Ten Metaversities Launching in U.S. this Fall in first VictoryXR Cohort
“..these are the schools that will be known as the metaverse pioneers”
Metaverse education is taking hold at American colleges and universities in a big way this fall. This fall’s cohort finds some big names planning to roll out digital twin campuses.
Each school will roll out a digital twin, replica campus for students to attend whether they are on campus or learning remotely. In addition, each student will receive a Quest 2 virtual reality headset for use during the course they are taking.
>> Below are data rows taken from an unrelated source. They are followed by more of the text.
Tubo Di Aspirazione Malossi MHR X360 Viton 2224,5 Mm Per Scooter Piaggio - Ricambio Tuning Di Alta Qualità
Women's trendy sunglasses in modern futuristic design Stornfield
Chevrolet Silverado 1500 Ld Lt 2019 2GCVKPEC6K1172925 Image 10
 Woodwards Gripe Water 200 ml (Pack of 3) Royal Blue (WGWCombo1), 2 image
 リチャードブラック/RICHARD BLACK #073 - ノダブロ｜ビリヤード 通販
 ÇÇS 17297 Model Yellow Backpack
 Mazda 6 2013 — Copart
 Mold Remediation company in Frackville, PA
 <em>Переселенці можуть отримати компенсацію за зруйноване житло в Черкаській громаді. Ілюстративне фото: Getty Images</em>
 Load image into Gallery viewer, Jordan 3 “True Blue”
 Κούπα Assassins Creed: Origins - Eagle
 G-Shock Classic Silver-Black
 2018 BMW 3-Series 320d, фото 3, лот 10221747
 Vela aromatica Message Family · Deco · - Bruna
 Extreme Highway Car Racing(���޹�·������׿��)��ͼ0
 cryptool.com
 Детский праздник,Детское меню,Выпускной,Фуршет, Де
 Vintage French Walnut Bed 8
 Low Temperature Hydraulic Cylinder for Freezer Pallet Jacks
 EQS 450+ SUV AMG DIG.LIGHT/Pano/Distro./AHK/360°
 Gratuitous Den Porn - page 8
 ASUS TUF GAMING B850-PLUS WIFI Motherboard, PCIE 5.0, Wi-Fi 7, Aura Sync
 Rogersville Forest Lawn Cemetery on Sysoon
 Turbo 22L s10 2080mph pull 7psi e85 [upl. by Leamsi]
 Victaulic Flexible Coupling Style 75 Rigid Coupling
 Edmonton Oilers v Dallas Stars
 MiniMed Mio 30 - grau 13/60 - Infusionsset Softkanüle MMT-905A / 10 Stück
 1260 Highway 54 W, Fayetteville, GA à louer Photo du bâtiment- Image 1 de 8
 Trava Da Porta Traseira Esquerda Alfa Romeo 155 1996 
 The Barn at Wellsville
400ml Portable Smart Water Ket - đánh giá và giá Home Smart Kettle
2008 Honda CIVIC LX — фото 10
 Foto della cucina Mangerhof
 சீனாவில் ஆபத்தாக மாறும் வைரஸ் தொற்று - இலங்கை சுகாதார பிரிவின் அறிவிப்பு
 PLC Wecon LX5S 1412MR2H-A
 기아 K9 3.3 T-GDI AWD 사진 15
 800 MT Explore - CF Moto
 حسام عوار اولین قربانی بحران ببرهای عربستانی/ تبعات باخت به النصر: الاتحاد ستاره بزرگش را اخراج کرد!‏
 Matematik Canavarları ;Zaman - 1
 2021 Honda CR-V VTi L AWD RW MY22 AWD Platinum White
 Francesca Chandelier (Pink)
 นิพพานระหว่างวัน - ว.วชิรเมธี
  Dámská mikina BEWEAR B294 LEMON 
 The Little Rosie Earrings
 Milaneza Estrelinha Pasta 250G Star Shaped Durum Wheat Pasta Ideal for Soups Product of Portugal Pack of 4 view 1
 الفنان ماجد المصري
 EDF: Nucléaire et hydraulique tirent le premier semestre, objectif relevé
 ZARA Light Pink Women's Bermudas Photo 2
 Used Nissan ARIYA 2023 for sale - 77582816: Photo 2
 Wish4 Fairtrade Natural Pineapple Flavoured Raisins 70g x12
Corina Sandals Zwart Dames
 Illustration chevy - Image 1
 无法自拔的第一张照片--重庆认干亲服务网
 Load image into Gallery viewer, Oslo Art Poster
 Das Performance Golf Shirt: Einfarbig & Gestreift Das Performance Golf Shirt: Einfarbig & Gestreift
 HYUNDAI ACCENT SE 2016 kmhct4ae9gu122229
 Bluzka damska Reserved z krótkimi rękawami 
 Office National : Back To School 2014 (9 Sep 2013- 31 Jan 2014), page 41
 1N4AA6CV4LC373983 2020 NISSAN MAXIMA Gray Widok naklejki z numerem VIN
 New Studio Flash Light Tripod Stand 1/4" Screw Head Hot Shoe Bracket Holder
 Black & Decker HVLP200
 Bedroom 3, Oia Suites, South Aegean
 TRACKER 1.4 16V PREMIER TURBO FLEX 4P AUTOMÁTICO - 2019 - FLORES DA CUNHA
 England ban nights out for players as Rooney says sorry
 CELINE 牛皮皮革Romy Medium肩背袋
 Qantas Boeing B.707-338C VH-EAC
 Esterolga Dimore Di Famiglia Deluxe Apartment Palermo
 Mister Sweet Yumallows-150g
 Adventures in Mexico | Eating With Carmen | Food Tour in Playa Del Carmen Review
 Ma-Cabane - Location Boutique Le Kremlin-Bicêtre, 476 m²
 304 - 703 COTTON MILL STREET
Finally, courses will be synchronous, or multi-student, as if they were attending class on a physical campus.
“When the history of metaverse education is written, these are the schools that will be known as the metaverse pioneers,” said Steve Grubbs, VictoryXR CEO. “Remote learning is growing and these schools have decided to look for something better than a Zoom class.”
The partnership was funded, in part, by Meta Immersive Learning (NASDAQ: FB). Meta will provide Quest 2 headsets during the project on each campus as well as funding for the digital twin buildouts. Each campus is built by VictoryXR on the EngageVR platform (LON: EXR).
The List of Universities and Colleges Include one veteran school and nine new metaversities:
University of Kansas School of Nursing
New Mexico State University
South Dakota State University
West Virginia University
University of Maryland Global Campus
Southwestern Oregon Community College
Three additional metaversities will be released in May.
“More than any learning innovation I have been involved with, Morehouse in the Metaverse has made the biggest difference for the students I teach,” said Dr. Muhsinah Morris, associate professor at Morehouse College.
Using either a virtual reality headset, or a PC, students will enter the metacampus with other students and their professor. There, they will engage in classroom experiences like delving into human anatomy, history field trips through a time machine or astronomy on a starship.
“Just like the real world, students will be able to break into small groups and work on projects together, no matter their physical distance,” said Grubbs, “but unlike the real world, they will be able to shrink to the size of Ant-man and tour the human body. It’s no wonder student retention is so much greater.”
Last year, accountancy firm PwC published research on the advantages of using VR for learning*. The findings showed that 40% of VR learners are more confident in applying what they’ve been taught and 150% more engaged. In addition, VR was found to be 400% faster than classroom-based learning.